Let $X$ be a finite rooted level tree. We call a vertex $x$ of $X$ a source vertex if there are no vertices lying above it, that is, its fibre (the set of vertices of height $n+1$ lying over $x$) is empty. We say that a subtree of $X_0\subseteq X$ is a full subtree if for any vertex $x$ of $X_0$, the fibre of $x$ in $X_0$ is a (possibly empty) interval in the fibre of $x$ in $X$.

We define a sector of a vertex $x$ in $X$ to be a choice of a partition of its fibre into two disjoint, possibly empty intervals.

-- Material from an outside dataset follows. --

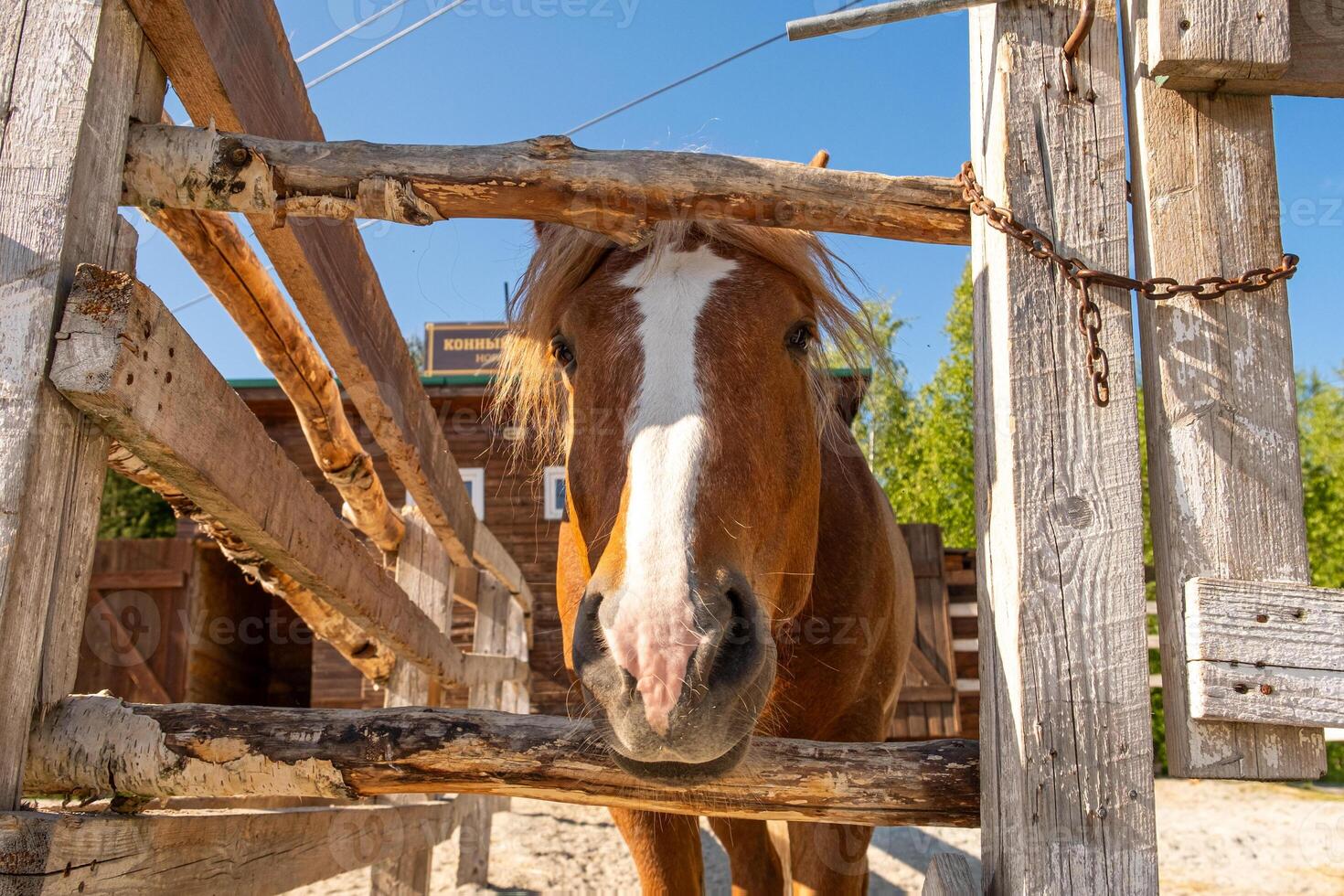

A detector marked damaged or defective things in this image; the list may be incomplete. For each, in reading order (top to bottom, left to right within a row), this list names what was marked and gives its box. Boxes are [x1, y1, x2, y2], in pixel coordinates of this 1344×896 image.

rusty chain [951, 163, 1302, 408]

Then $\Theta_0$ is defined to be the category whose objects are finite level trees and whose morphisms $s\to t$ are given by pairs $(f:s\overset{full}{\hookrightarrow} t, (\varepsilon_i)_{i\in I})$ where $f$ is the inclusion of a full subtree and $(\varepsilon_i)_{i\in I})$ is the choice of a sector of $f(x)$ for each source vertex of $x_i$ of $s$. Define $D_n$ to be the unique finite rooted level tree where $D_n(i)={*}$ for $0\leq i\leq n$ and $D_n(i)=\emptyset$ for $i>n$. Then we see that

$$Hom_{\Theta_0}(D_n,D_m)=\begin{cases}\emptyset \quad \text{if n>m}\\ \{s,t\} \quad \text{if n<m}\\ \{\operatorname{id} \quad \text{for m=n}\}\end{cases}$$

This is a full embedding of the globe category $\mathbb{G}$, and this gives a functor $\eta:\Theta_0\hookrightarrow \operatorname{Psh}(\mathbb{G})$ (which turns out to be full and faithful). There is an adjoint pair $$F:\operatorname{Psh}(\mathbb{G})\leftrightarrows \operatorname{Str-\omega-cat}:U$$

Then define $\Theta$ to be the full subcategory of $\operatorname{Str-\omega-cat}$ spanned by the images of the objects of $\Theta_0$ under the composite functor $F\circ \eta$.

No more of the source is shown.